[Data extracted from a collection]
╭──

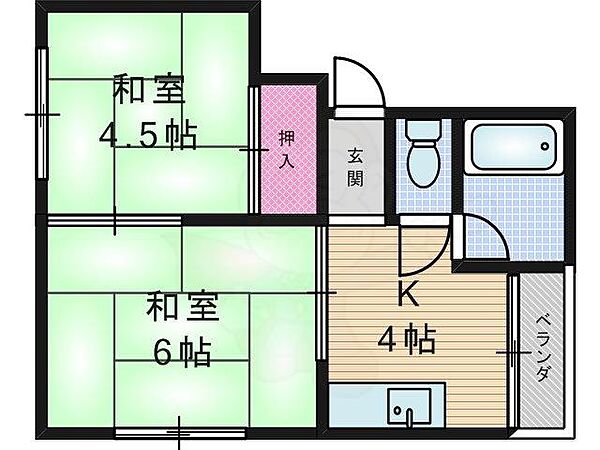 ひまわりハイツ ｜大阪府守口市藤田町６丁目(賃貸マンション2K・3階・32.00㎡)の写真 その2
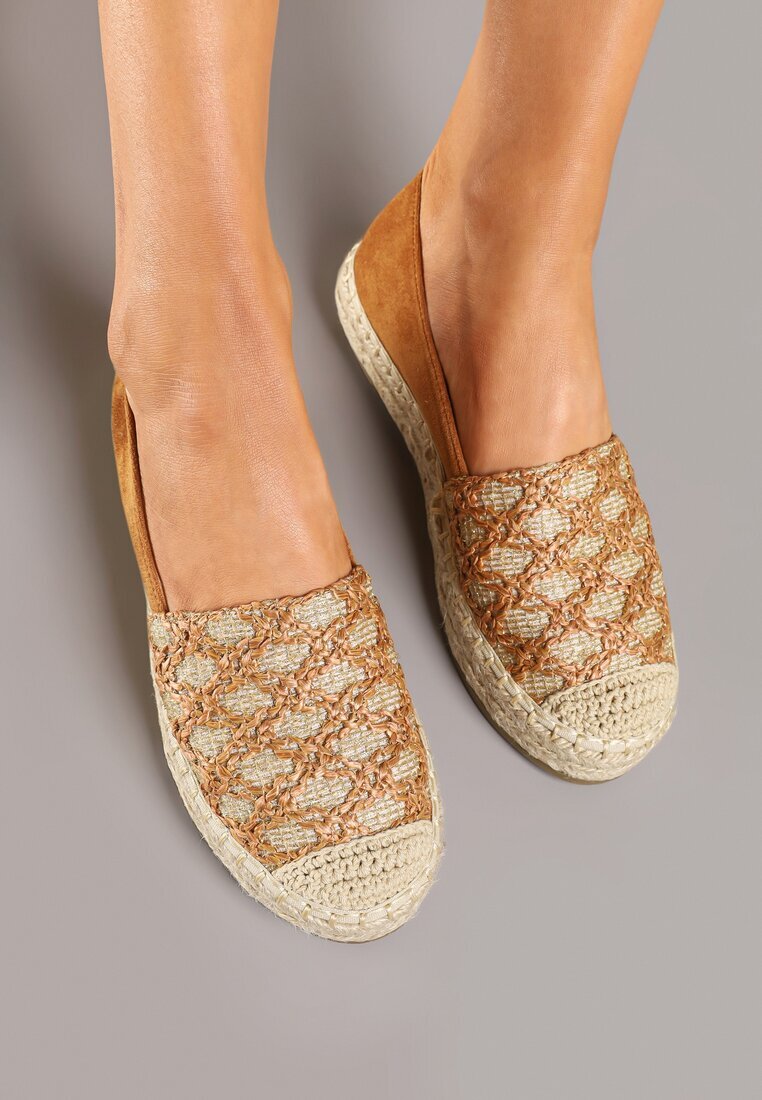 milas91 Espadrile Maro deschis cu șnur împletit și model geometric Sdivira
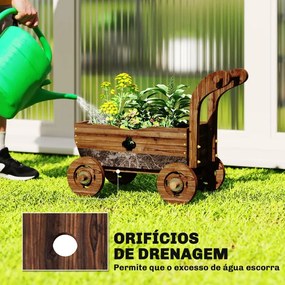 Carrinho de Madeira Decorativo Vaso Elevado com 4 Rodas Pega Orifícios de Drenagem 68x38x52 cm Carbonizado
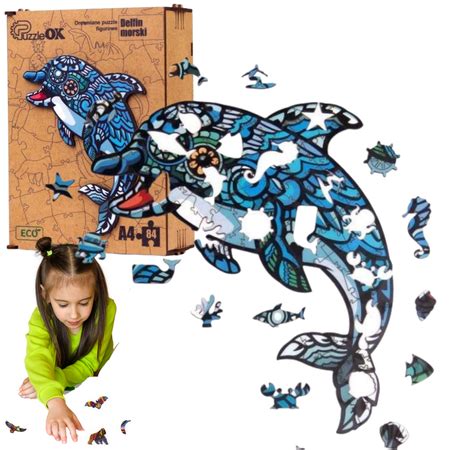 Puzzle Drewniane Uk Adanka Delfin Morski Ryba Rybk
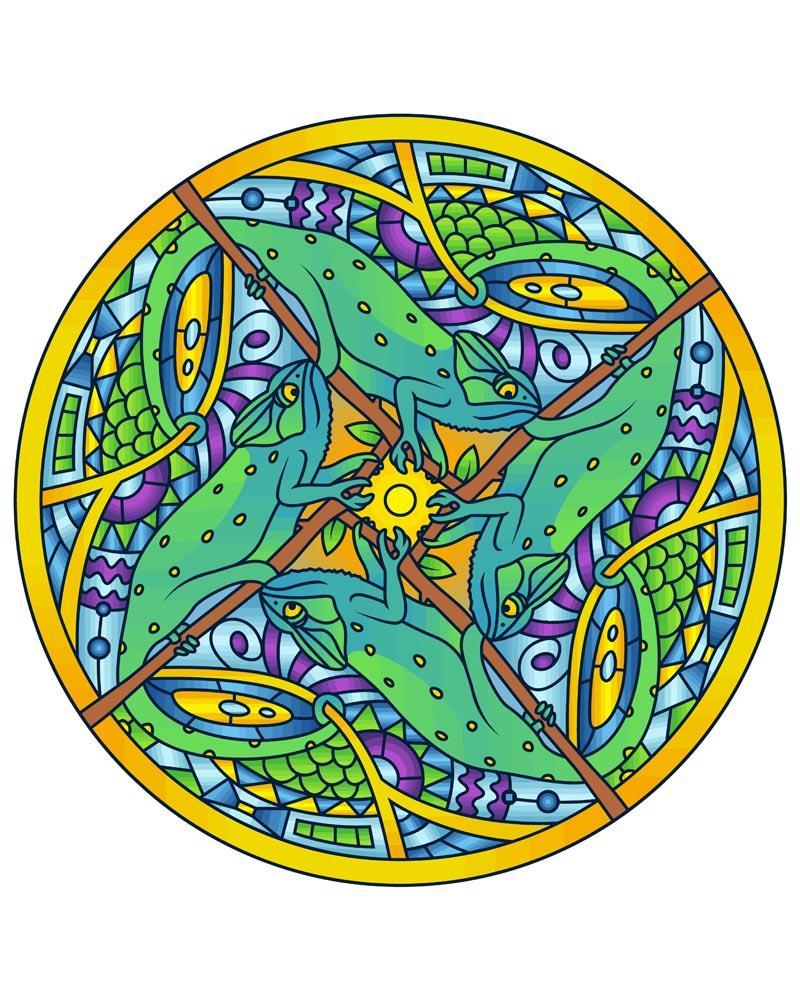 Malen nach Zahlen   Mandala   Chameleon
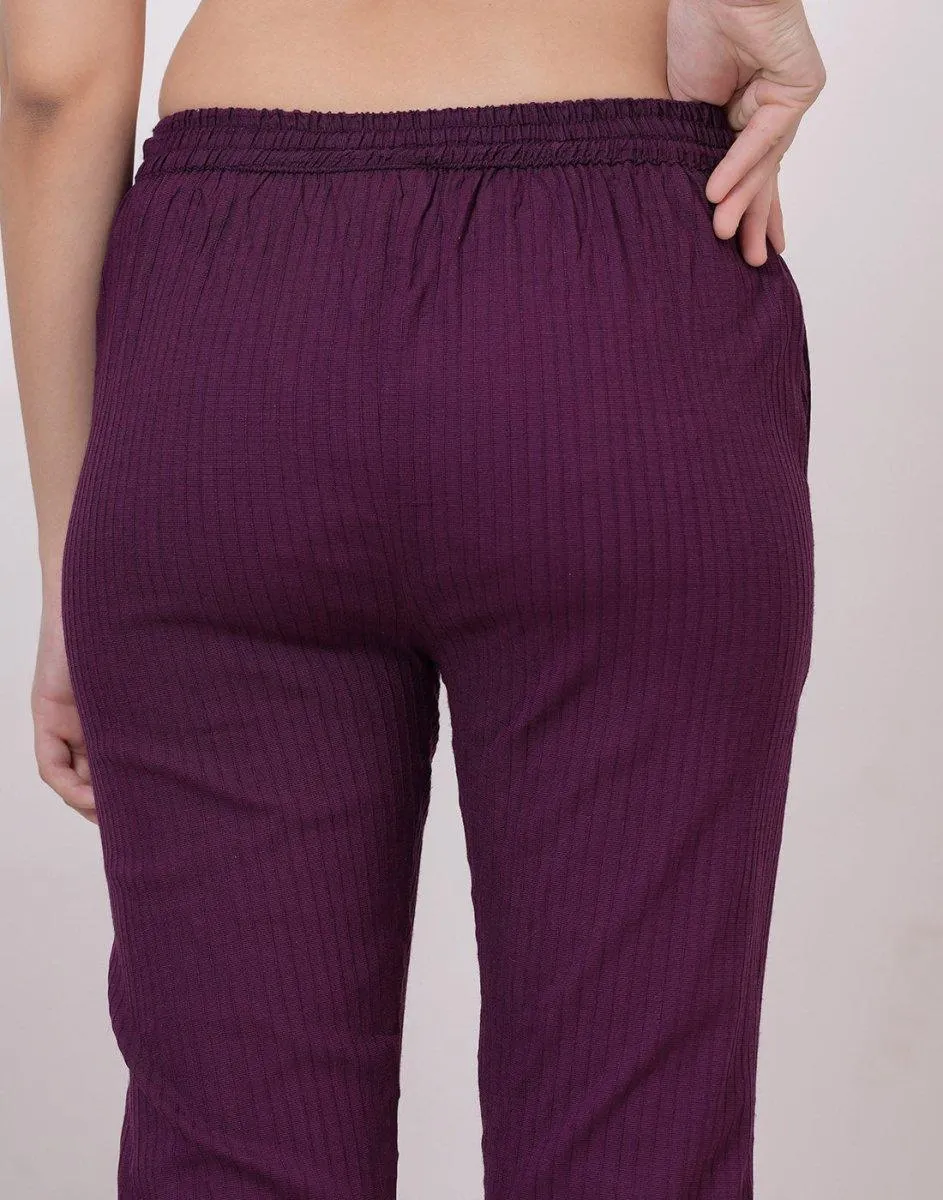 Satrangi Women's Wine Viscose Ribbed Lycra Trouser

╰──

§ **Task to complete**
Pictures are not part of the copy; transcribe the rest of the data verbatim.

§ **Response to this exercise**
 ひまわりハイツ ｜大阪府守口市藤田町６丁目(賃貸マンション2K・3階・32.00㎡)の写真 その2
 milas91 Espadrile Maro deschis cu șnur împletit și model geometric Sdivira
 Carrinho de Madeira Decorativo Vaso Elevado com 4 Rodas Pega Orifícios de Drenagem 68x38x52 cm Carbonizado
 Puzzle Drewniane Uk Adanka Delfin Morski Ryba Rybk
 Malen nach Zahlen   Mandala   Chameleon
 Satrangi Women's Wine Viscose Ribbed Lycra Trouser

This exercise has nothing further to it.